How AI Is Improving Data Management

Artificial intelligence is quietly improving the management of data, including its quality, accessibility, and security.

Thomas H. Davenport and Thomas C. Redman

December 20, 2022

MIT SLOAN

Management Review

Data management is crucial for creating an environment where data can be useful across the entire organization. Effective data management minimizes the problems that stem from bad data, such as added friction, poor predictions, and even simple inaccessibility, ideally before they occur.

Managing data, though, is a labor-intensive activity: It involves cleaning, extracting, integrating, cataloging, labeling, and organizing data, and defining and performing the many data-related tasks that often lead to frustration among both data scientists and employees without “data” in their titles.

Artificial intelligence has been applied successfully in thousands of ways, but one of the less visible and less dramatic ones is in improving data management. There are five common data management areas where we see AI playing important roles:

Classification: Broadly encompasses obtaining, extracting, and structuring data from documents, photos, handwriting, and other media.
Cataloging: Helping to locate data.
Quality: Reducing errors in the data.
Security: Keeping data safe from bad actors and making sure it’s used in accordance with relevant laws, policies, and customs.
Data integration: Helping to build “master lists” of data, including by merging lists.

Below, we discuss each of these areas in turn.
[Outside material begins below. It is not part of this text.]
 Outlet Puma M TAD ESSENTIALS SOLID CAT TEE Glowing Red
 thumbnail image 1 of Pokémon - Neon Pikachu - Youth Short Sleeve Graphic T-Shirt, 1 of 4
We also describe the vendor landscape and the ways that humans are essential to data management.

AI to the (Partial) Rescue

Technology alone cannot replace good data management processes such as attacking data quality proactively, making sure everyone understands their roles and responsibilities, building organizational structures such as data supply chains, and establishing common definitions of key terms. But AI is a valuable resource that can dramatically improve both productivity and the value companies obtain from their data. Here are the five areas where AI can have the most impact on effective data management in an organization.

Area 1: Classification

Data classification and extraction is a broad area, and it has grown larger still as more media has been digitized and as social media has increasingly centered around images and video. In today’s online settings, moderating content to identify inappropriate postings would not be possible at scale without AI (although many humans are still employed in the field as well). We include in this area classification (Is this hate speech?), identity/entity resolution (Is this a human or a bot, and, if human, which one?), matching (Is the Jane Doe in database A the same human as J.E. Doe in database B?), data extraction (What is the most important data in this judicial filing?), and so forth.

For many years, primitive forms of AI have been used for optical character recognition (OCR) to extract important data from items such as bank checks or addressed envelopes. OCR has become so common that we no longer think of such capabilities as AI. Newer AI systems have expanded on OCR with deep learning models that are now becoming capable of accurately reading human handwriting.

AI is a valuable resource that can dramatically improve both productivity and the value companies obtain from their data.

Important data is often stuck in inflexible document formats like faxes, PDFs, and long word-processing documents, and in order to access it, analyze it, or even answer questions about it, it must first be extracted. In health care, for example, information is still communicated in faxes, and accessing it has required substantial human effort. One electronic health records company wrote an AI program to extract data from faxes and input it directly into the EHR system, which saves significant time. AI programs can also identify and extract important provisions from contracts, which is useful to lawyers and auditors, among others.

Area 2: Cataloging

For decades, companies have lacked an accurate guidance on where key data resides throughout their systems and records. Fortunately, data cataloging has emerged over the past several years as an important aid to keeping track of that material. Creating and keeping such catalogs current, however, has been labor intensive.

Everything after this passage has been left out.